_Description of the task_
Every line of the listing below from the one with "En engelsk flod" up to and including the one with "Free Stock Photo" should be retyped exactly, and nothing else; pictures are not part of the copy.

_Data extract_
□ □ □ □

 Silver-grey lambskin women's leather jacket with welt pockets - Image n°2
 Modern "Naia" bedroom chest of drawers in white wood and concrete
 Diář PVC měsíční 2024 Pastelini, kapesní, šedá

□ □ □ □

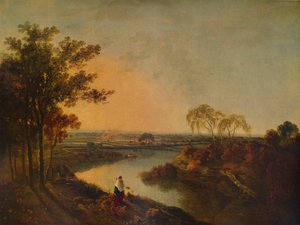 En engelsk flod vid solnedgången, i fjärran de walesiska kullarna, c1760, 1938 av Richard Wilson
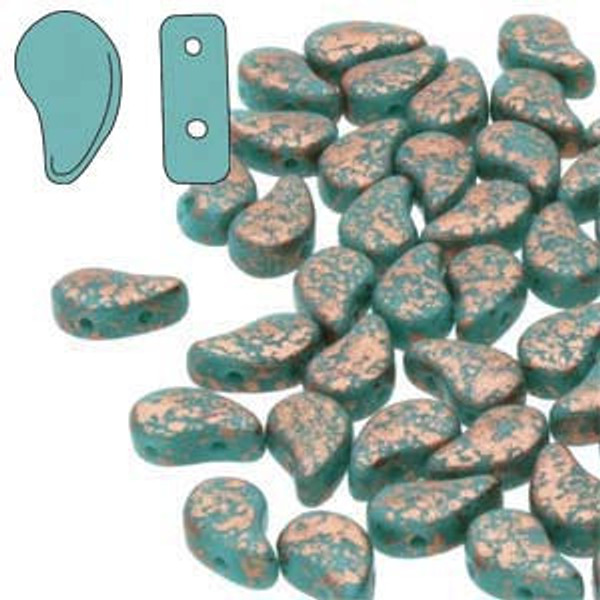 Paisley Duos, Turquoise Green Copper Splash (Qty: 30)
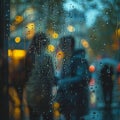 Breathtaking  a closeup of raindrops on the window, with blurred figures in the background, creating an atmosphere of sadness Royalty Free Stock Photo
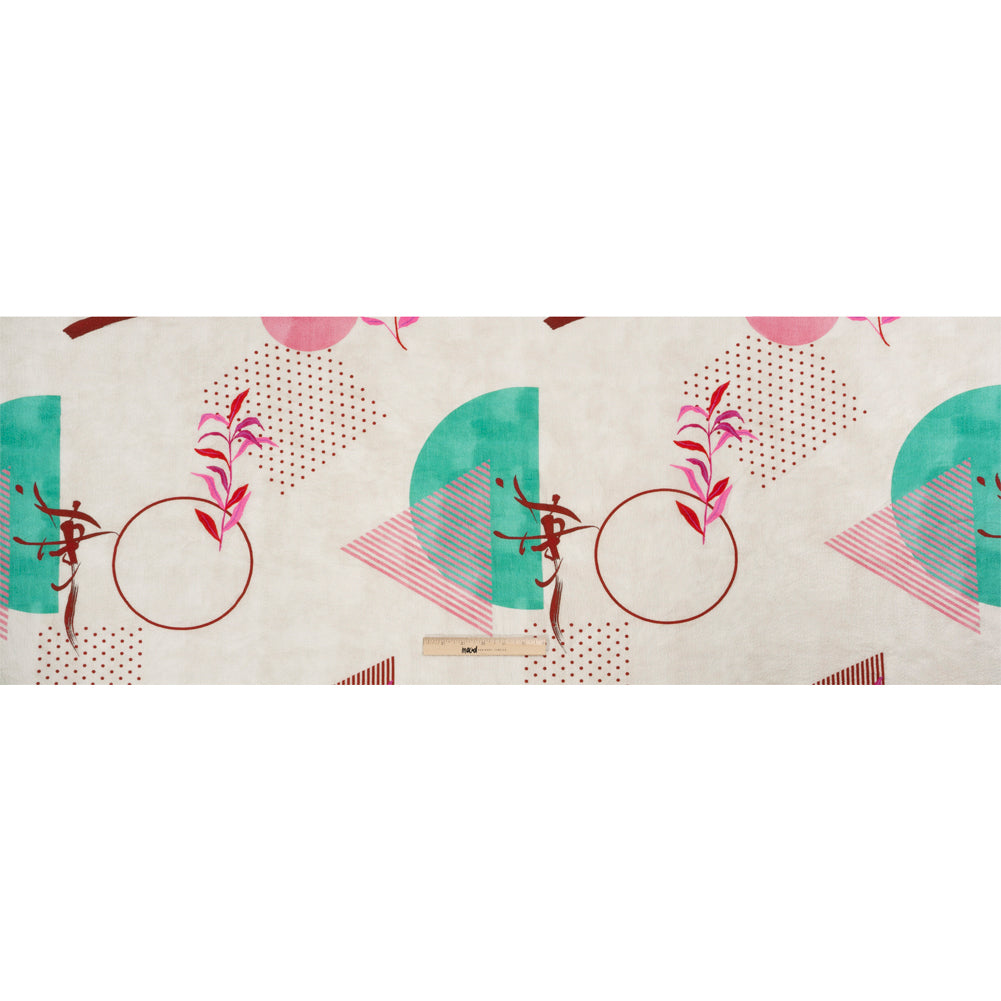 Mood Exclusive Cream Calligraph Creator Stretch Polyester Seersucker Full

□ □ □ □

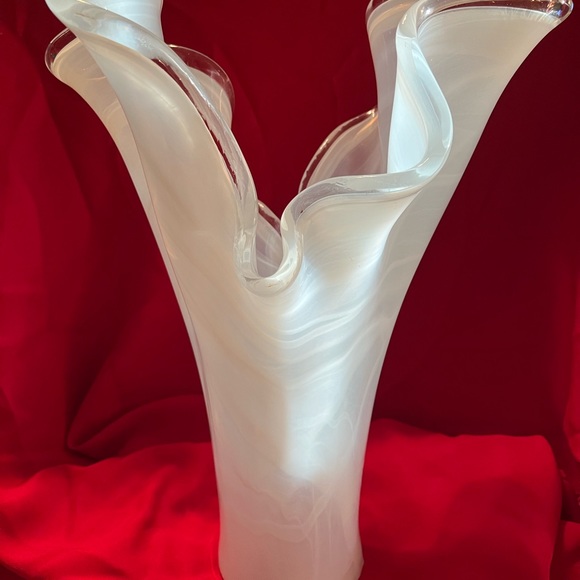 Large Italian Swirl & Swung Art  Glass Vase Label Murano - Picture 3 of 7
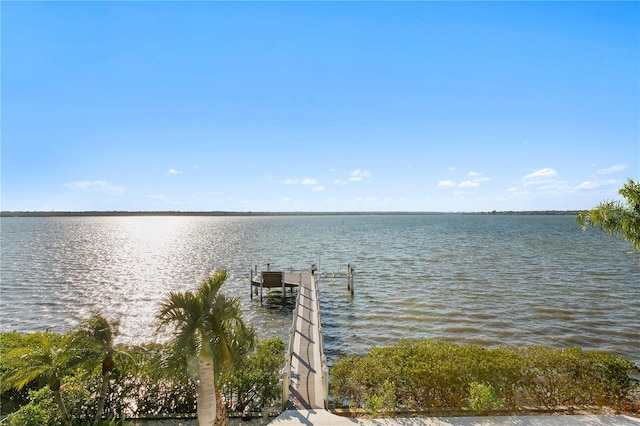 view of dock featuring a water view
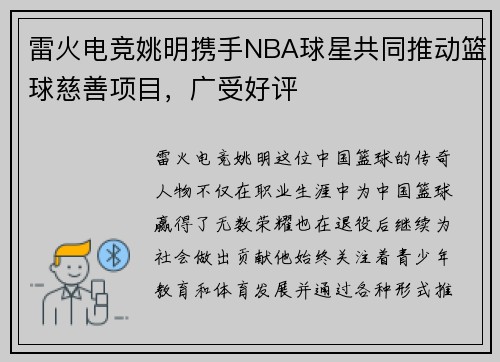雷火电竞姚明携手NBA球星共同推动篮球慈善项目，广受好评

□ □ □ □

_Exercise result_
 En engelsk flod vid solnedgången, i fjärran de walesiska kullarna, c1760, 1938 av Richard Wilson
 Paisley Duos, Turquoise Green Copper Splash (Qty: 30)
 Breathtaking  a closeup of raindrops on the window, with blurred figures in the background, creating an atmosphere of sadness Royalty Free Stock Photo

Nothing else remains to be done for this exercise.